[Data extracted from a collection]
........
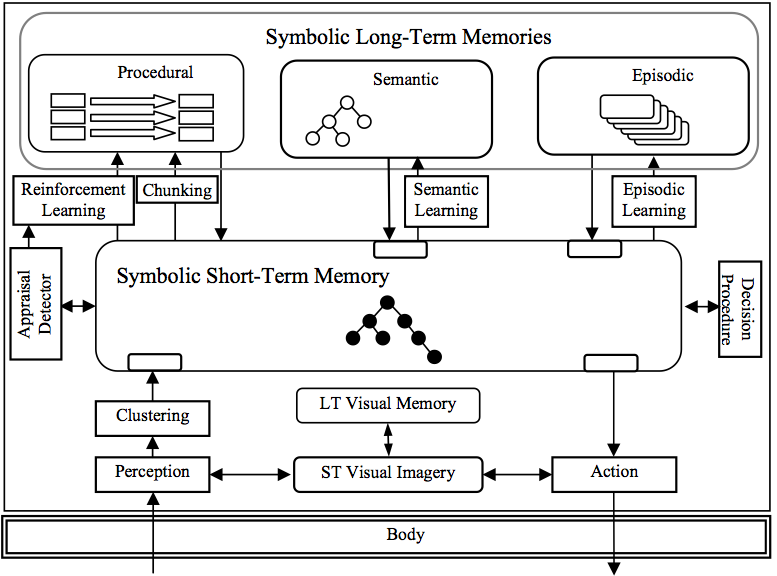 The structure of the Soar cognitive architecture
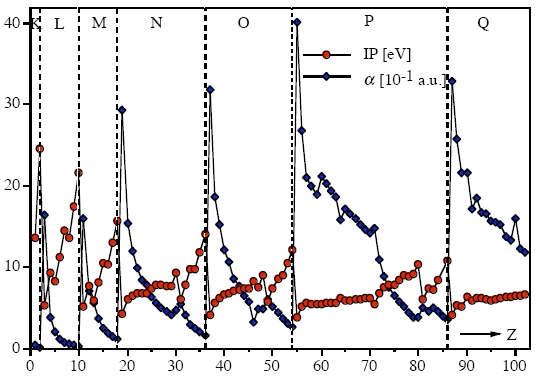 dipole polarizability graph
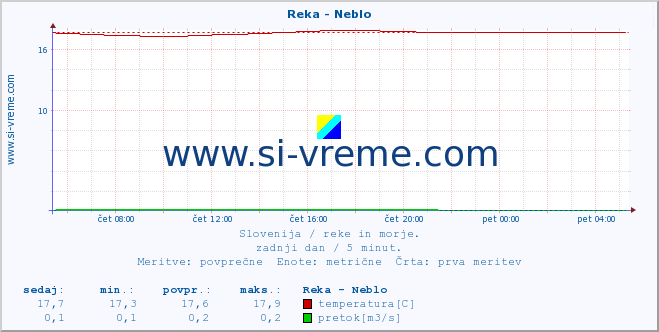 POVPREČJE :: Reka - Neblo :: temperatura | pretok | višina :: zadnji dan / 5 minut.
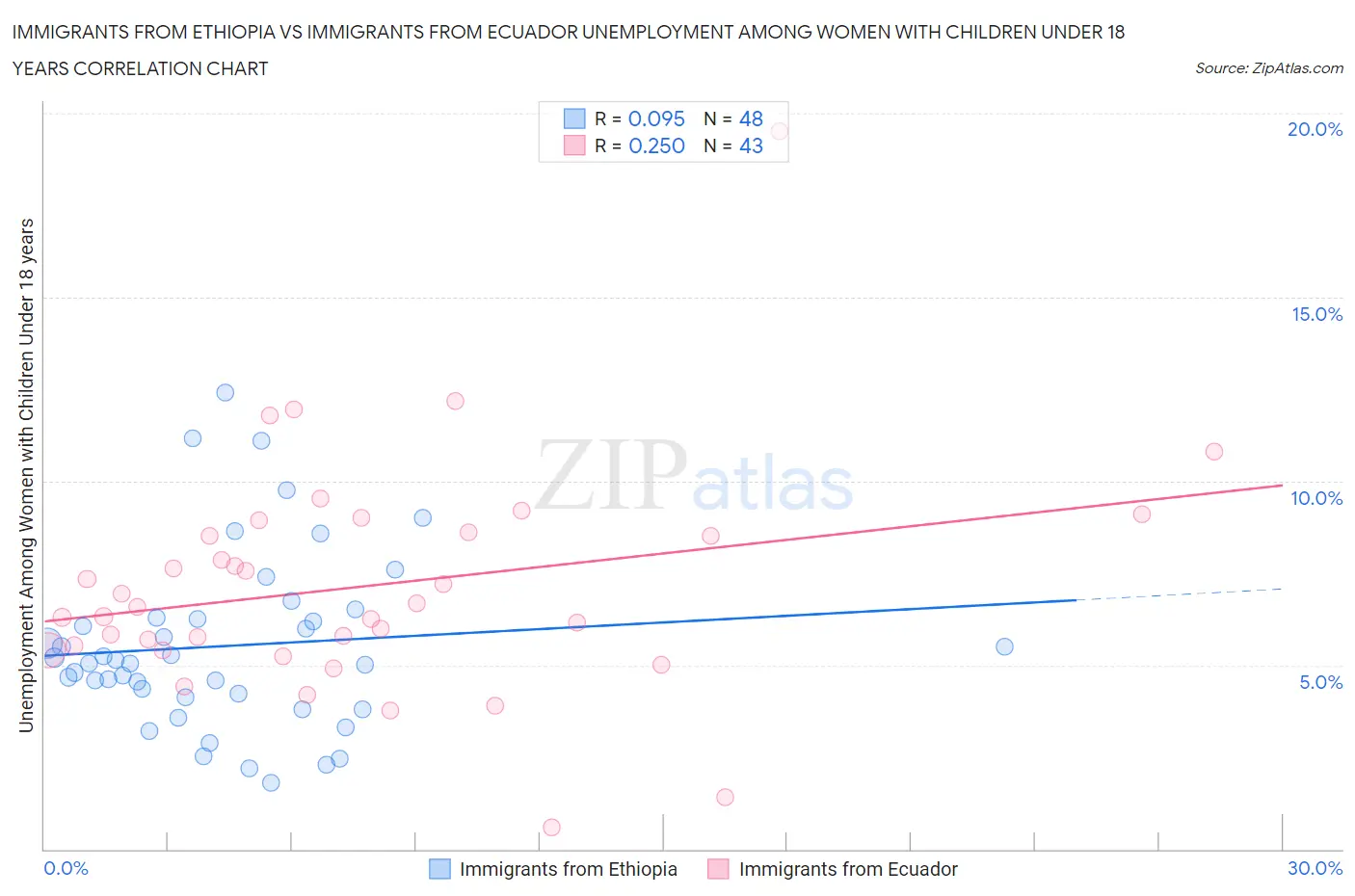 Immigrants from Ethiopia vs Immigrants from Ecuador Unemployment Among Women with Children Under 18 years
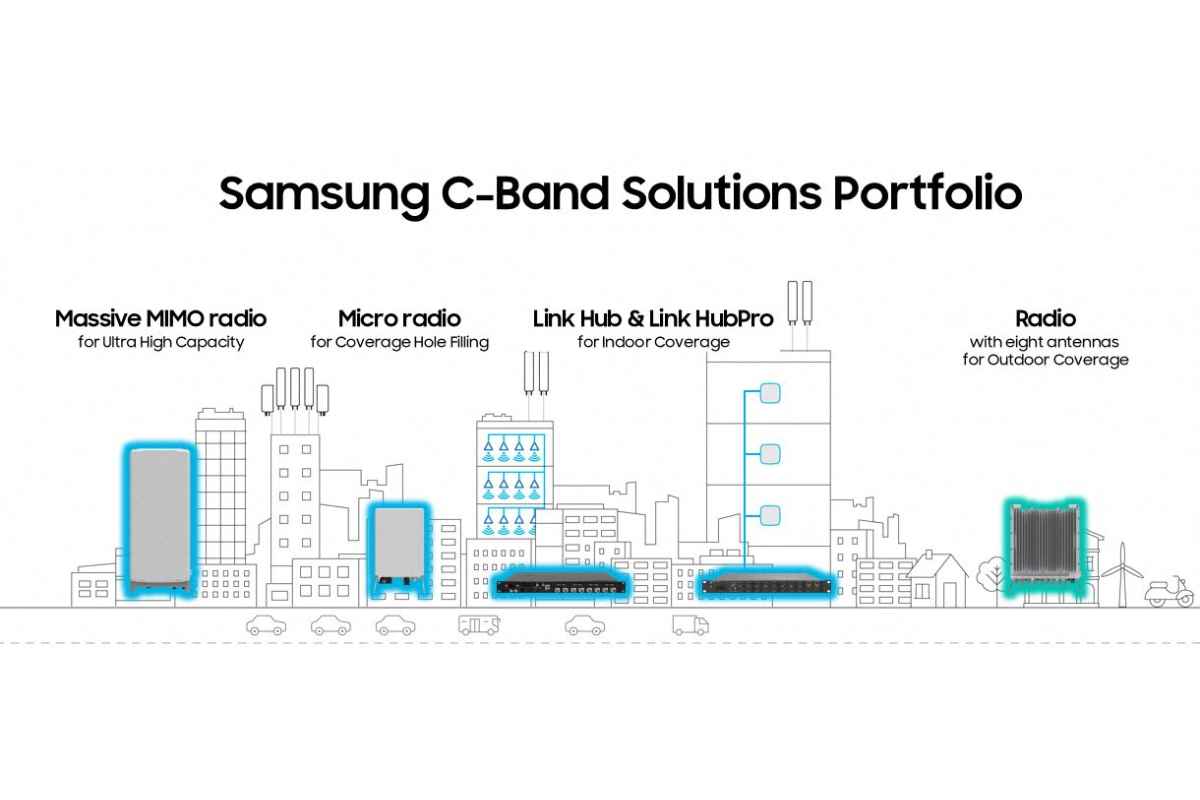 Samsung Launches New C Band Network Solutions - 25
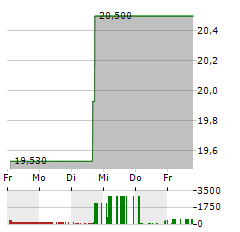 SUPER HI INTERNATIONAL Aktie 5-Tage-Chart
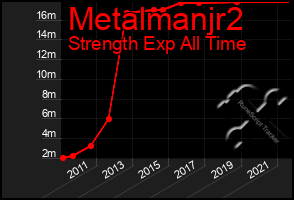 Total Graph of Metalmanjr2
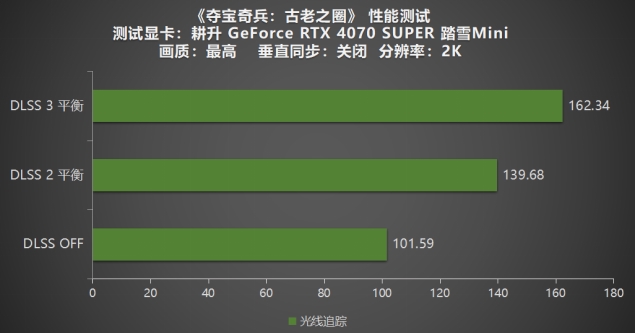《奪寶奇兵：古老之圈》測(cè)評(píng)！耕升 RTX 40 系列+路徑追蹤帶來(lái)沉浸體驗(yàn)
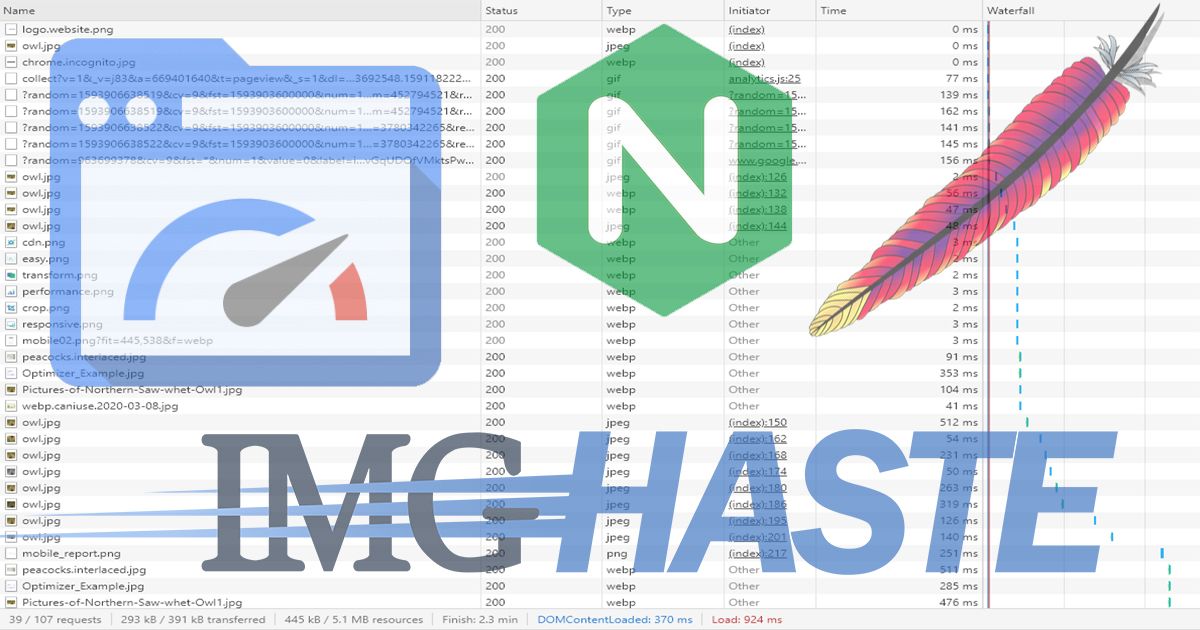 Announcing PageSpeed mod_pagespeed support Results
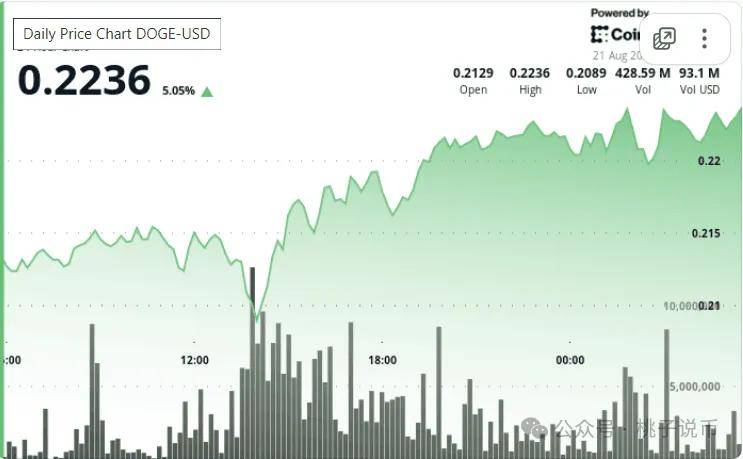鲸鱼豪掷6.8亿DOGE！狗狗币0.21美元低点V型反弹能否持续？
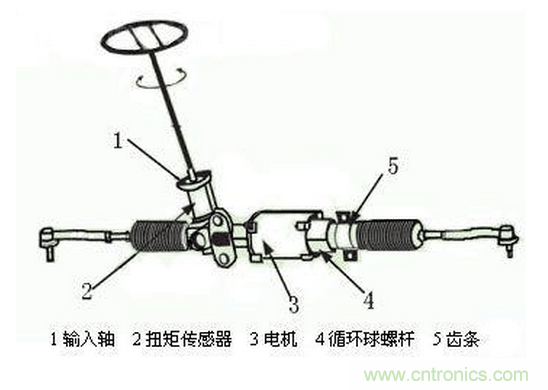 汽车电动助力转向系统EPS原理详解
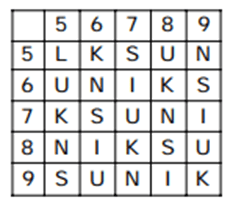 Matrix Questions For SSC MTS Matrix Questions For SSC MTS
........
PROBLEM: Every line from the one containing "Samsung Launches New" through the end of the records is to be returned exactly, and those lines alone; pictures are dropped.

OUTPUT BELOW:
 Samsung Launches New C Band Network Solutions - 25
 SUPER HI INTERNATIONAL Aktie 5-Tage-Chart
 Total Graph of Metalmanjr2
《奪寶奇兵：古老之圈》測(cè)評(píng)！耕升 RTX 40 系列+路徑追蹤帶來(lái)沉浸體驗(yàn)
 Announcing PageSpeed mod_pagespeed support Results
鲸鱼豪掷6.8亿DOGE！狗狗币0.21美元低点V型反弹能否持续？
 汽车电动助力转向系统EPS原理详解
 Matrix Questions For SSC MTS Matrix Questions For SSC MTS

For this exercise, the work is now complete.